‘I was told I was a complete idiot’ about organic farming, Charles said the day before he became king | King Charles III

King Charles III said he was considered a “complete idiot” for wanting to farm organically, but he was right about his concerns about the impact of antibiotic use in conventional farming.

During one of his last official engagements as Prince of Wales the day before the Queen died, Charles spoke of his long-standing concerns that the widespread use of antibiotics could lead to increased resistance in insects and viruses.

He said: “One of the reasons I went organic 40 years ago was because I felt there was an overuse of antibiotics. And I felt that if you overdo it, you end up with resistance. Anyway, it happened. I was told I was a complete idiot for even suggesting going organic.

The King farmed organically at Home Farm near his Highgrove residence in Gloucestershire, but in 2020 it was announced he would not be renewing the lease as he prepared for greater royal responsibilities. He continues to farm organically on the Sandringham estate in Norfolk. Organic farming methods strictly limit the use of antibiotics.

Speaking at a global allergy symposium at Dumfries House in Scotland, the King said he was concerned about expert evidence that Western lifestyles may have contributed to the reported global rise in allergies.

He said: “It seems to be spreading more and more as people adopt a Western way of life. And what’s so sad is that people are still adopting this way of life when we have discovered the damage it has already caused.

King Charles has suggested he supports concerns that modern homes may be over-sanitized, potentially reducing exposure to microbes that can benefit health. He said: “When I was little, if I dropped my food on the floor, I was encouraged to eat it. I was told “it was good clean dirt, it won’t hurt you at all”. Now it’s gotten crazy, I think, the other way around.

The September 7 meeting is significant because it was perhaps the last time Charles was willing to speak so candidly about his personal opinions. He said in a 2018 interview that he would stop speaking out on matters close to his heart when he becomes king.

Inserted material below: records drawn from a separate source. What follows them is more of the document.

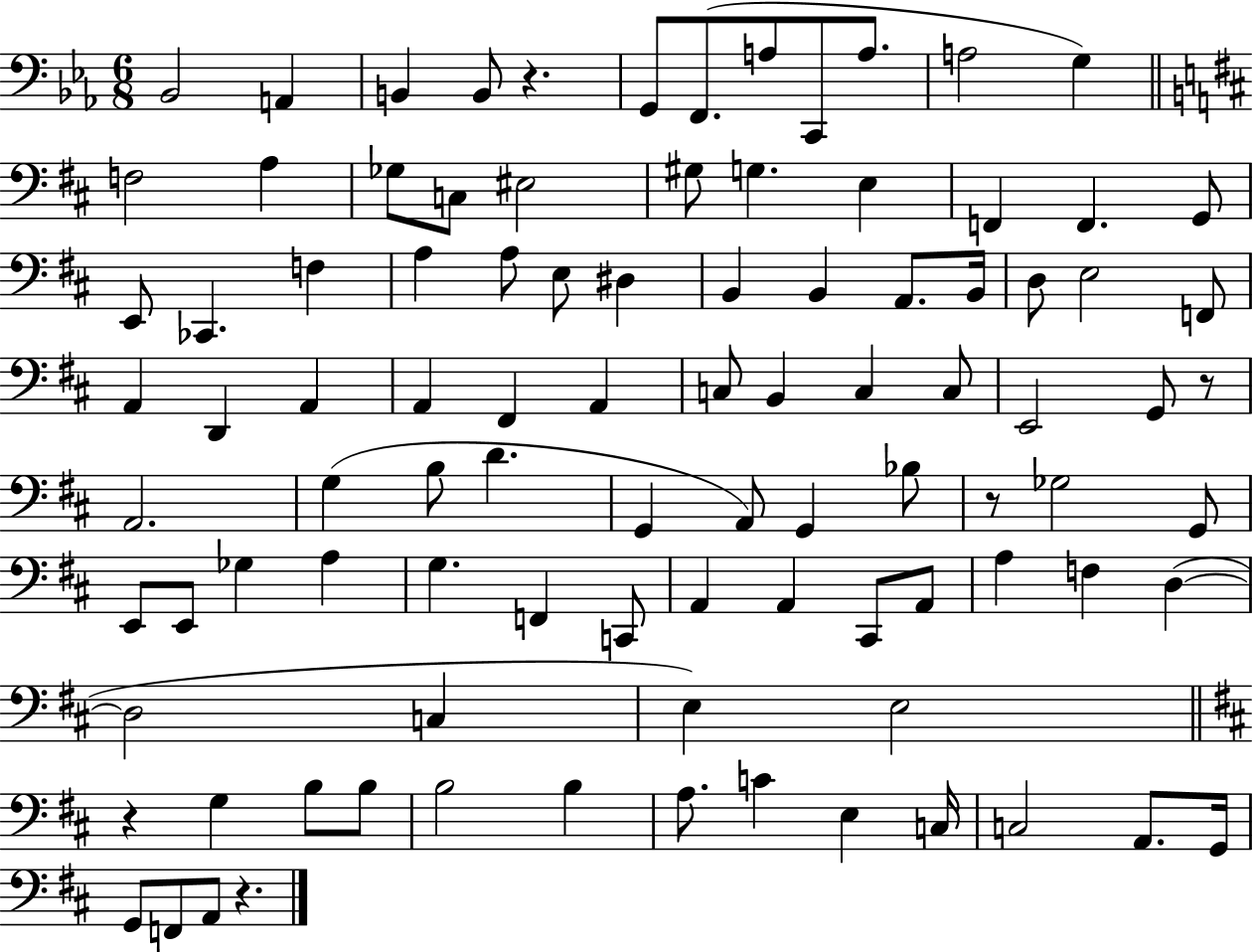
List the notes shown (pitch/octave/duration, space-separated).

Bb2/h A2/q B2/q B2/e R/q. G2/e F2/e. A3/e C2/e A3/e. A3/h G3/q F3/h A3/q Gb3/e C3/e EIS3/h G#3/e G3/q. E3/q F2/q F2/q. G2/e E2/e CES2/q. F3/q A3/q A3/e E3/e D#3/q B2/q B2/q A2/e. B2/s D3/e E3/h F2/e A2/q D2/q A2/q A2/q F#2/q A2/q C3/e B2/q C3/q C3/e E2/h G2/e R/e A2/h. G3/q B3/e D4/q. G2/q A2/e G2/q Bb3/e R/e Gb3/h G2/e E2/e E2/e Gb3/q A3/q G3/q. F2/q C2/e A2/q A2/q C#2/e A2/e A3/q F3/q D3/q D3/h C3/q E3/q E3/h R/q G3/q B3/e B3/e B3/h B3/q A3/e. C4/q E3/q C3/s C3/h A2/e. G2/s G2/e F2/e A2/e R/q.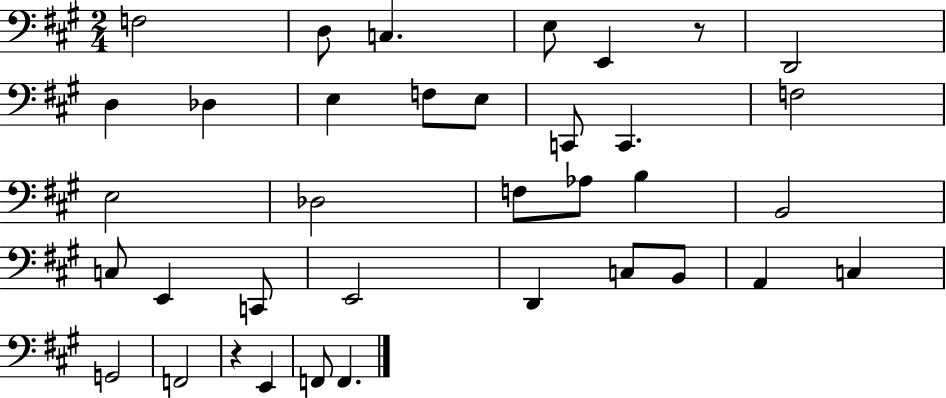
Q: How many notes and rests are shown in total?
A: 36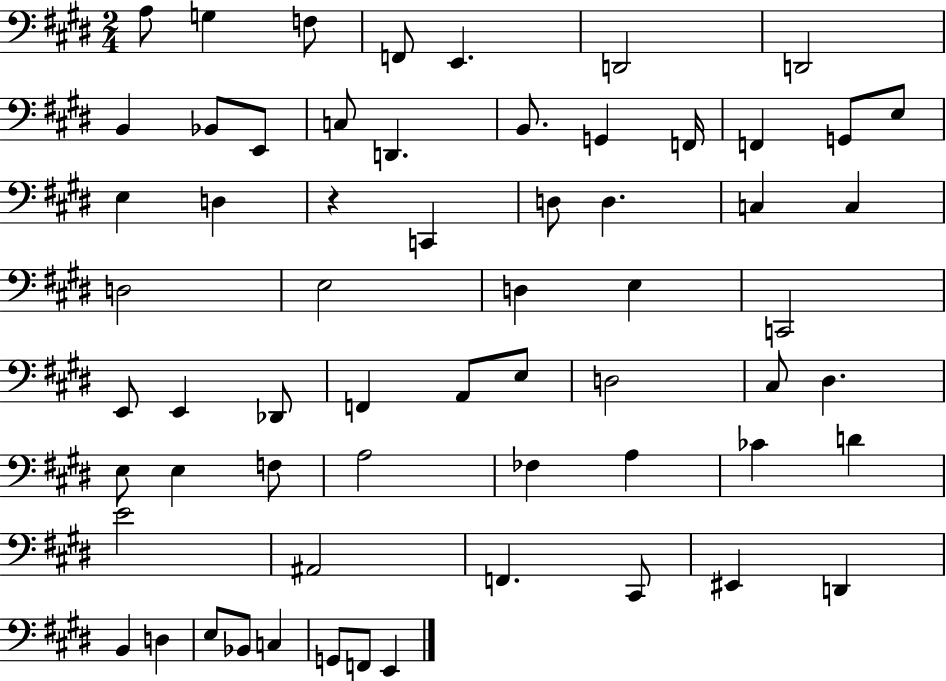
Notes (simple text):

A3/e G3/q F3/e F2/e E2/q. D2/h D2/h B2/q Bb2/e E2/e C3/e D2/q. B2/e. G2/q F2/s F2/q G2/e E3/e E3/q D3/q R/q C2/q D3/e D3/q. C3/q C3/q D3/h E3/h D3/q E3/q C2/h E2/e E2/q Db2/e F2/q A2/e E3/e D3/h C#3/e D#3/q. E3/e E3/q F3/e A3/h FES3/q A3/q CES4/q D4/q E4/h A#2/h F2/q. C#2/e EIS2/q D2/q B2/q D3/q E3/e Bb2/e C3/q G2/e F2/e E2/q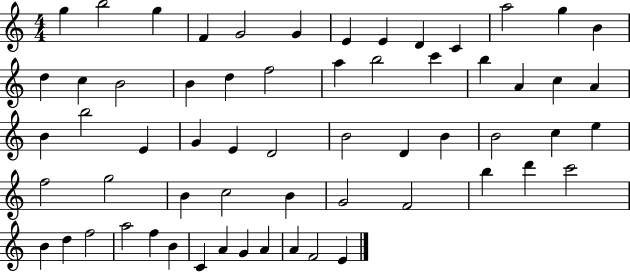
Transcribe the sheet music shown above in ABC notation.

X:1
T:Untitled
M:4/4
L:1/4
K:C
g b2 g F G2 G E E D C a2 g B d c B2 B d f2 a b2 c' b A c A B b2 E G E D2 B2 D B B2 c e f2 g2 B c2 B G2 F2 b d' c'2 B d f2 a2 f B C A G A A F2 E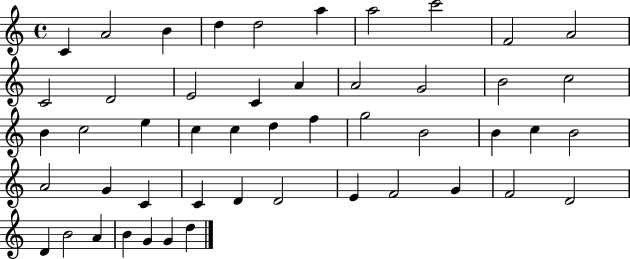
X:1
T:Untitled
M:4/4
L:1/4
K:C
C A2 B d d2 a a2 c'2 F2 A2 C2 D2 E2 C A A2 G2 B2 c2 B c2 e c c d f g2 B2 B c B2 A2 G C C D D2 E F2 G F2 D2 D B2 A B G G d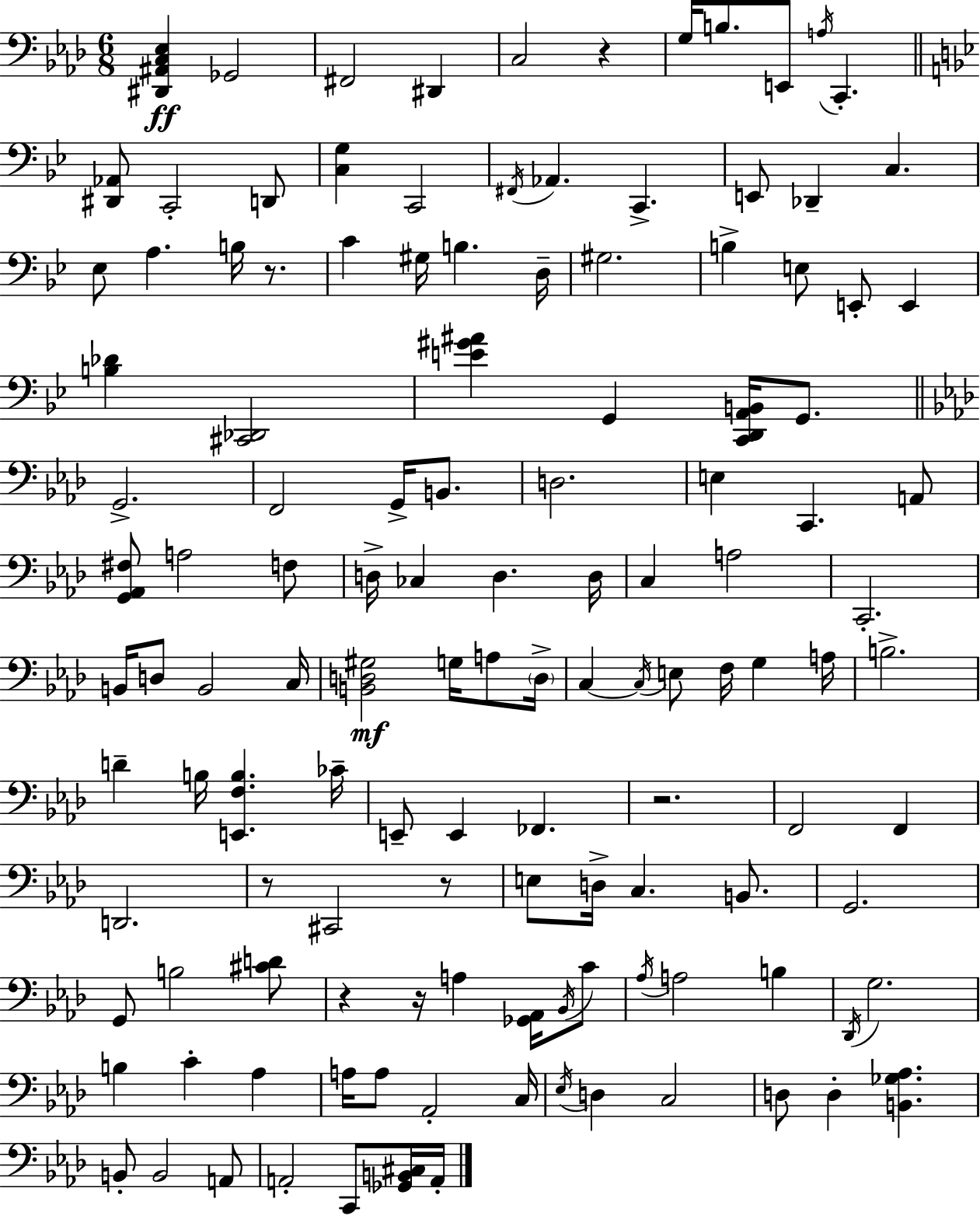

Many environmentalists say the king was vindicated by many of his warnings about the risks of plastic waste and the “gases pumped out by endless cars and planes”. Charles was just 21 when he gave a landmark speech on the environment at a campaign conference in Cardiff in 1970. He warned presciently of the impact of pollution, emissions of gas and overpopulation.

He said: ‘When you think of the 55 million of us on this island using non-returnable bottles and indestructible plastic containers, it’s not hard to imagine the mountains of rubbish we’ll have to deal with.’

The allergy symposium was organized by the Natasha Allergy Research Foundation, created by the parents of Natasha Ednan-Laperouse, who died in July 2016 following an allergic reaction to a baguette containing sesame seeds.

Charles said at the event that he would like the Prince’s Foundation to develop a partnership with the allergy charity ‘because it aligns with so many things I’ve tried to do and the messages I want to make pass”. The charity described the offer of support as a “game changer” for those with allergies.